Thread: partitioned table performance

partitioned table performance

From
Andreas Kostyrka
Date:
Hi!

I'm just wondering, I've got a table that is partitioned into monthly
tables:

media_downloads -> media_downloads_YYYYMM
 I\- id (primary key)
  \- created_on (timestamp criteria for the monthly table split)

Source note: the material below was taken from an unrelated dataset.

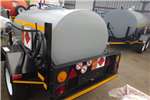 Fuel bowsers 1000 Litre High Grade Mild Steel Diesel Bowser KZN Agricultural trailers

There are constraints upon the created_on column, all needed insert
instead rules are defined too.
One additional hardship is that id are not monotone against created_on,
id1 < id2 does not imply created_on1 <= created_on2 :(
The table contains basically almost 100M rows, and the number is
growing. (the table will be about a 12GB pg_dump.)
All relevant indexes (primary key id, index on created_on) are defined
too.

The good thing is, queries like all rows in the last 7 days work
reasonable fast, the optimizer just checks the 1-2 last month tables.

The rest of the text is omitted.